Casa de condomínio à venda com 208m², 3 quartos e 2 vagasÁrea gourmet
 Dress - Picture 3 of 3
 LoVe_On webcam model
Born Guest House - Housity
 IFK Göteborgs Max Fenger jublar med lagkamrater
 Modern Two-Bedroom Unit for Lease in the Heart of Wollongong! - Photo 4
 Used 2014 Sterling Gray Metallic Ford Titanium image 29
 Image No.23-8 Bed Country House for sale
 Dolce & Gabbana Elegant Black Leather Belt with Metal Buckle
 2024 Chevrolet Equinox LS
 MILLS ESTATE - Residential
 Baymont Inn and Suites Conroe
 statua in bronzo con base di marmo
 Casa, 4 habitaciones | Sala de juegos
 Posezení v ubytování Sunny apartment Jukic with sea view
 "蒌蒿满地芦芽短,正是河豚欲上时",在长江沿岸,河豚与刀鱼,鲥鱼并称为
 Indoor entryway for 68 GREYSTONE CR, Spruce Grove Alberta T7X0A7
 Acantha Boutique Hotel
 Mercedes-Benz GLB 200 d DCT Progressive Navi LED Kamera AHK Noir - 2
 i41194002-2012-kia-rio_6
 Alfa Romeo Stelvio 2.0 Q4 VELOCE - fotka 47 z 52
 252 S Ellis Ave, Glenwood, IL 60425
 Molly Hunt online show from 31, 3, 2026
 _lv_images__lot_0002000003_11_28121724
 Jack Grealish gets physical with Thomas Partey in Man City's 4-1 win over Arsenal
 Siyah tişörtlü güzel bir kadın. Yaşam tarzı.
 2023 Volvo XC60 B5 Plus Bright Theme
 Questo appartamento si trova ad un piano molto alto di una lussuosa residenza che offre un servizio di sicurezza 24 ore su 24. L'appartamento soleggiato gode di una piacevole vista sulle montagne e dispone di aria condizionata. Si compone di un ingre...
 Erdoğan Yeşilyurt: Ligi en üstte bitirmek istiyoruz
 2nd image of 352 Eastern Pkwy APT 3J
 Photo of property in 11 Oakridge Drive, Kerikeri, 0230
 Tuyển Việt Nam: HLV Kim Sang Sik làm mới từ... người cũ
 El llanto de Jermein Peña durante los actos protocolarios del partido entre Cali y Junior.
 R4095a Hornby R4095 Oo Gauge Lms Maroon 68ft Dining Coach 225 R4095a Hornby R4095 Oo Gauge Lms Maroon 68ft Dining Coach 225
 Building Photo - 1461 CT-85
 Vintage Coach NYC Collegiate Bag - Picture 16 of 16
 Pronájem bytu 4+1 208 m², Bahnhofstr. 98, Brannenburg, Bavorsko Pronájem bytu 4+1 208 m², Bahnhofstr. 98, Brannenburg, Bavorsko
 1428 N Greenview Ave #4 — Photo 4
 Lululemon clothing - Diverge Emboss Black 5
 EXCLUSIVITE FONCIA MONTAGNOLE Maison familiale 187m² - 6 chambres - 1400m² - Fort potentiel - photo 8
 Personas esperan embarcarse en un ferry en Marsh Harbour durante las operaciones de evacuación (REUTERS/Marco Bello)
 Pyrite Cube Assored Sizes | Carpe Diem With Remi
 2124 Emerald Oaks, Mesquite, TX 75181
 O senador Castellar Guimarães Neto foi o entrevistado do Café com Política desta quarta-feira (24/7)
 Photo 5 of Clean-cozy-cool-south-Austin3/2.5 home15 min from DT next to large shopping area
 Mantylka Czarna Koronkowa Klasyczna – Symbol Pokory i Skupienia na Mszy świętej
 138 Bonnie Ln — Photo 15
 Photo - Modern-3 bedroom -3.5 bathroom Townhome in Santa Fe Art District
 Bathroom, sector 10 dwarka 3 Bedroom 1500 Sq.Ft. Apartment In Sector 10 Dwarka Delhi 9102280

+===+

**Work required**
Say how many of the lines above include the string "Black", and give no other words.

**Answer**
2